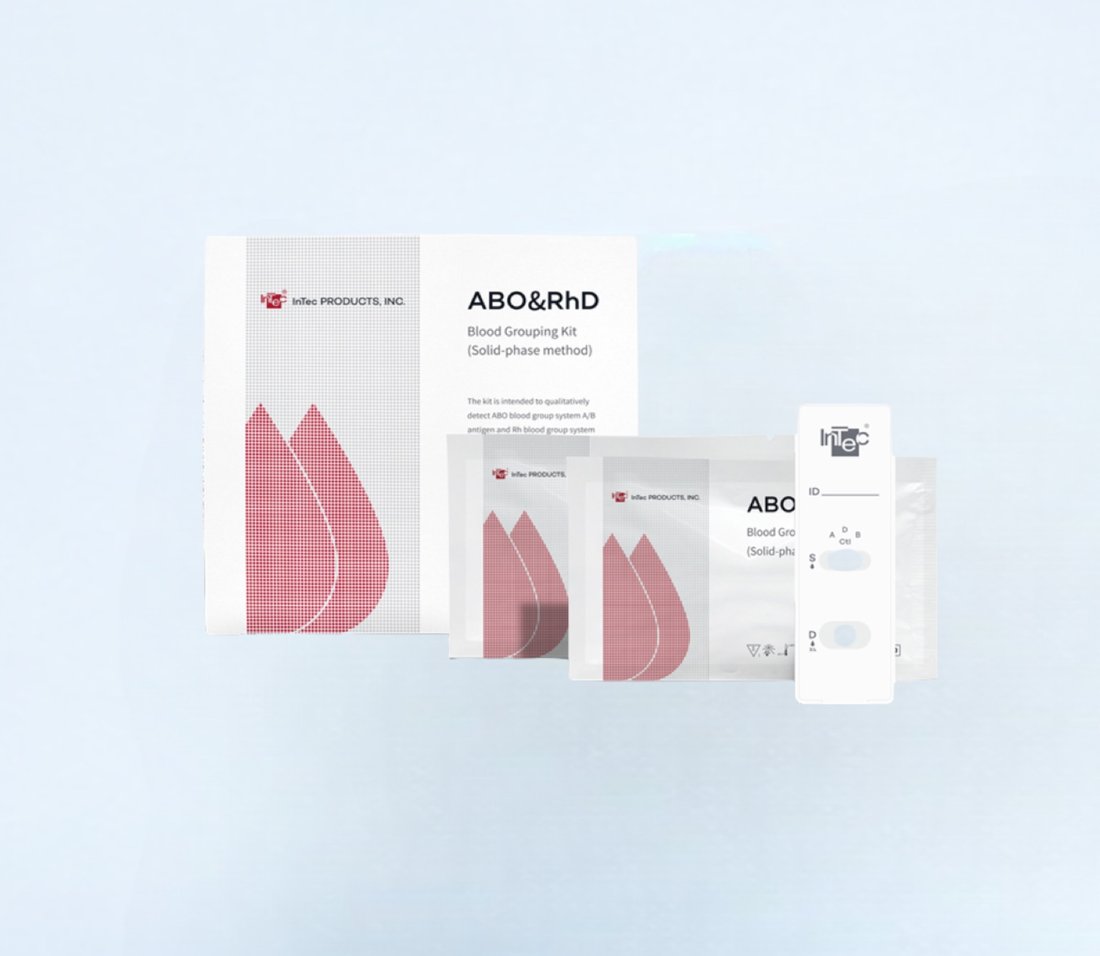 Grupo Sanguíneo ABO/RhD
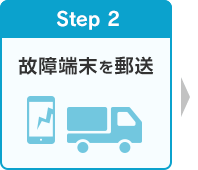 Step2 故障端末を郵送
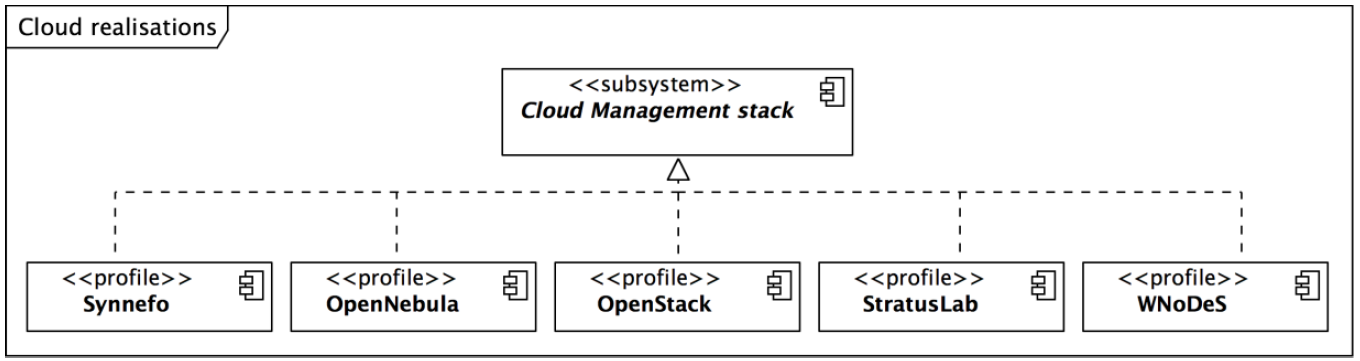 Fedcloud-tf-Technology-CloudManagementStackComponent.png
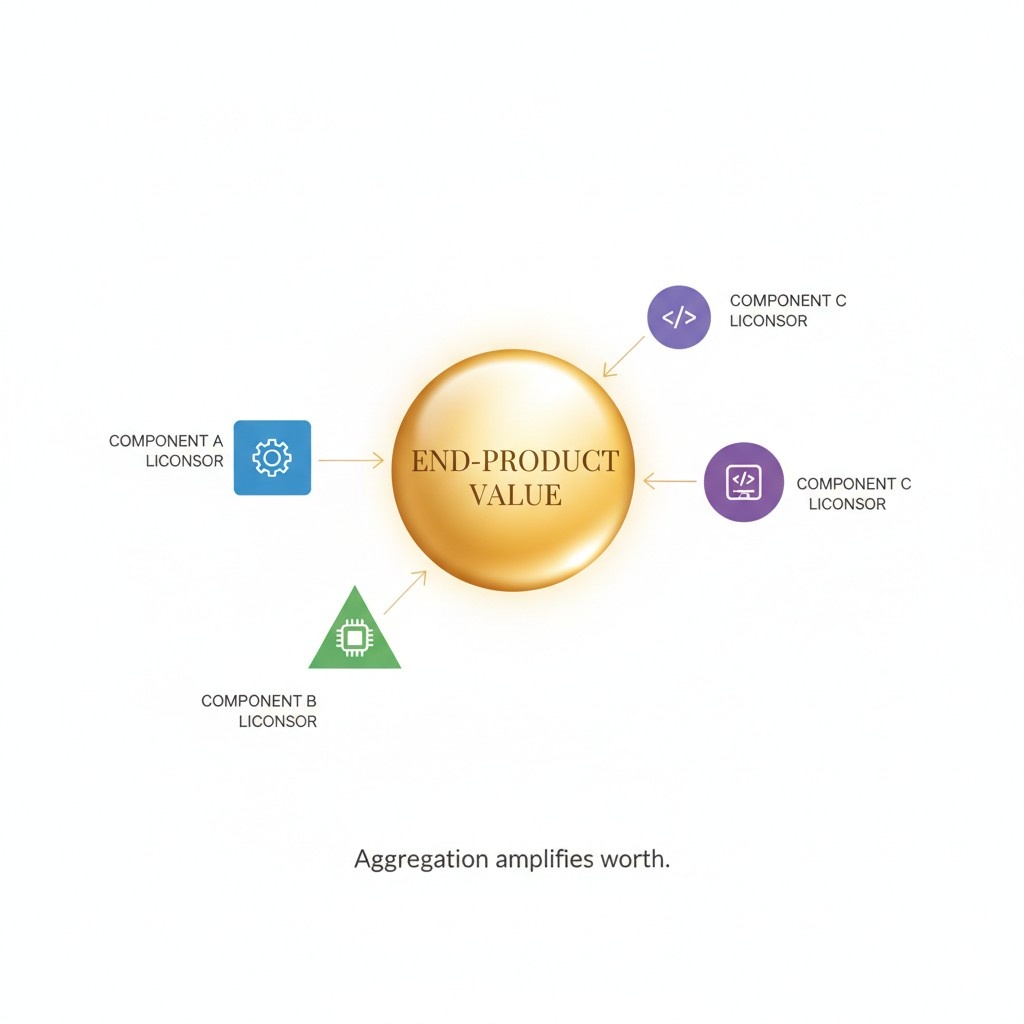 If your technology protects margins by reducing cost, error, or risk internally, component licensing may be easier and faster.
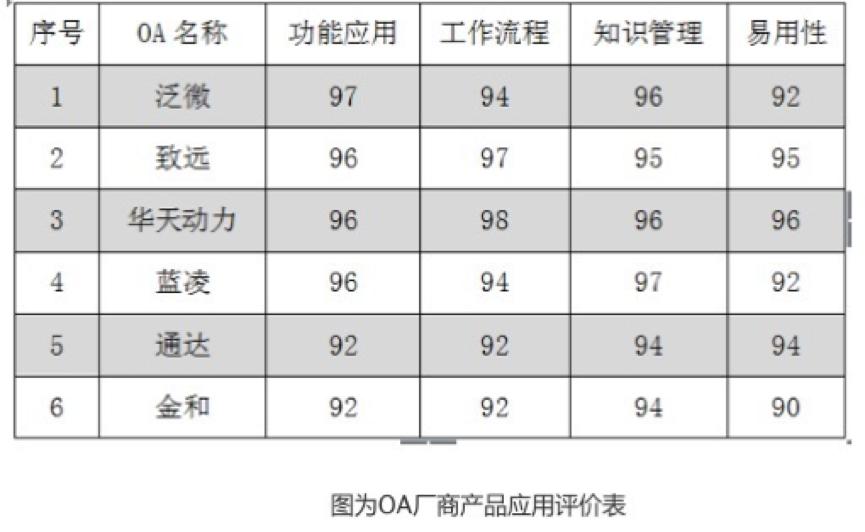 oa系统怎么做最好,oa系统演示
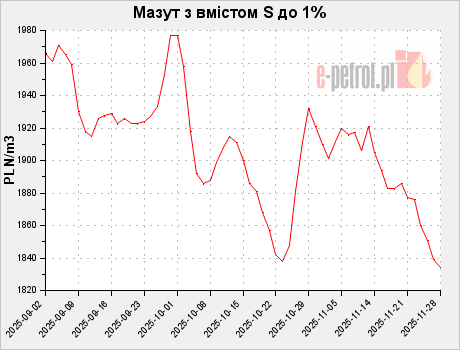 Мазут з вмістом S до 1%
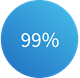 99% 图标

════════

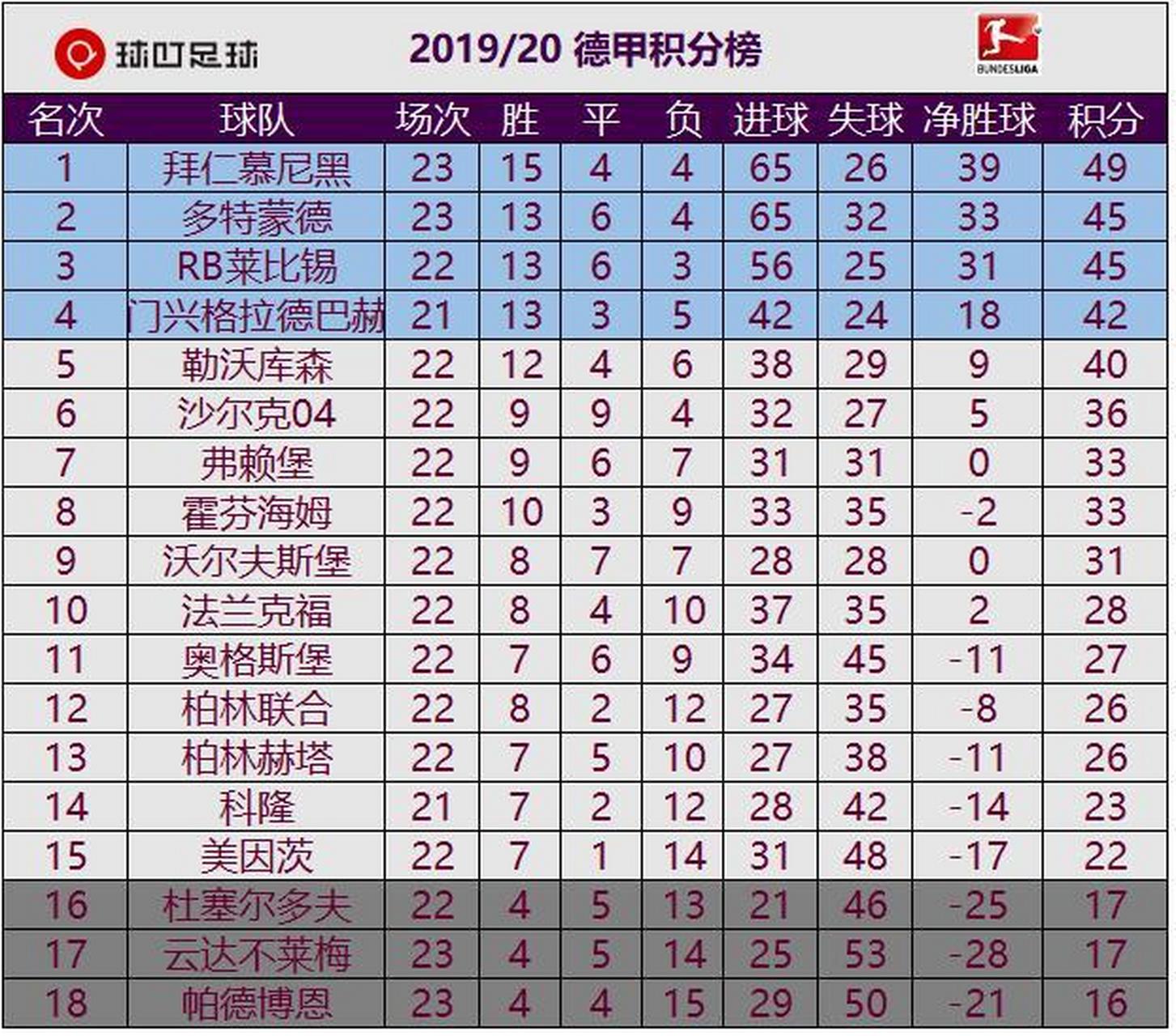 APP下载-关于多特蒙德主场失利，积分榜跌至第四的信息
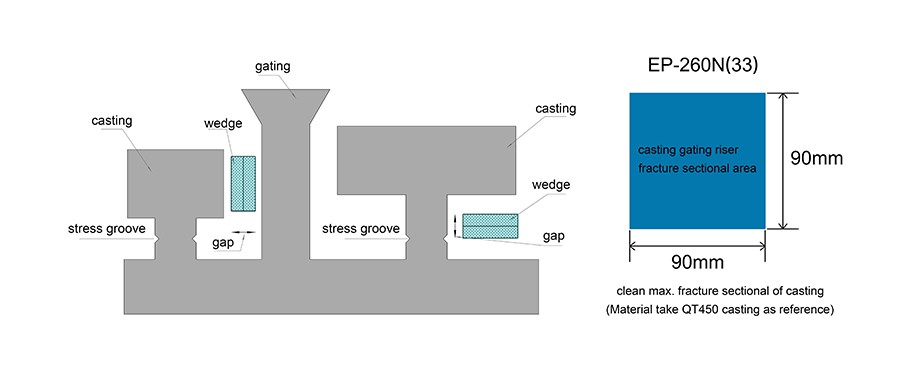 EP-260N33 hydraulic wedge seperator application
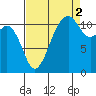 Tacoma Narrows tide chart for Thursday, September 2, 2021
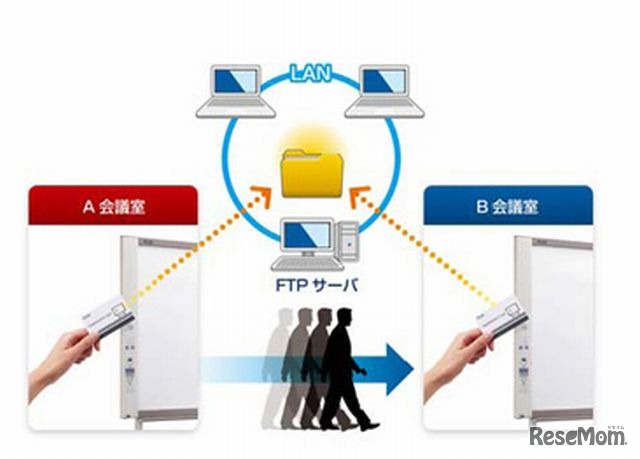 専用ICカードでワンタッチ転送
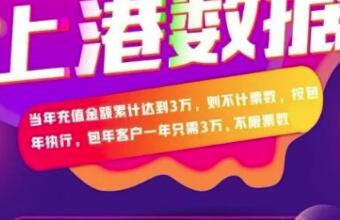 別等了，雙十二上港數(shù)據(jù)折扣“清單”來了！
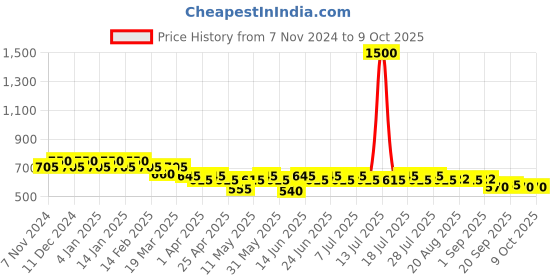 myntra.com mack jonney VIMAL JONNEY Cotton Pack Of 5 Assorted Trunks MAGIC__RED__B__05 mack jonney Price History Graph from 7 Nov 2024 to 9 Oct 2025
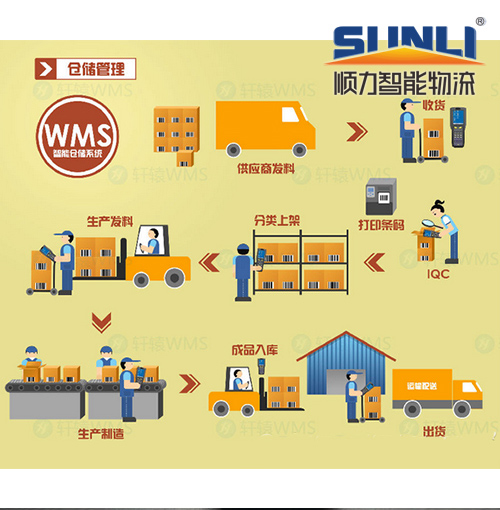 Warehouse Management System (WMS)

════════

**What is being asked:** Please copy the lines above exactly, starting at the line that holds "APP下载-关于多特蒙德主场失利，积分榜跌至第四的信息" and ending at the line that holds "Warehouse Management System (WMS)"; include both, but no pictures.

**Response area:**
 APP下载-关于多特蒙德主场失利，积分榜跌至第四的信息
 EP-260N33 hydraulic wedge seperator application
 Tacoma Narrows tide chart for Thursday, September 2, 2021
 専用ICカードでワンタッチ転送
 別等了，雙十二上港數(shù)據(jù)折扣“清單”來了！
 myntra.com mack jonney VIMAL JONNEY Cotton Pack Of 5 Assorted Trunks MAGIC__RED__B__05 mack jonney Price History Graph from 7 Nov 2024 to 9 Oct 2025
 Warehouse Management System (WMS)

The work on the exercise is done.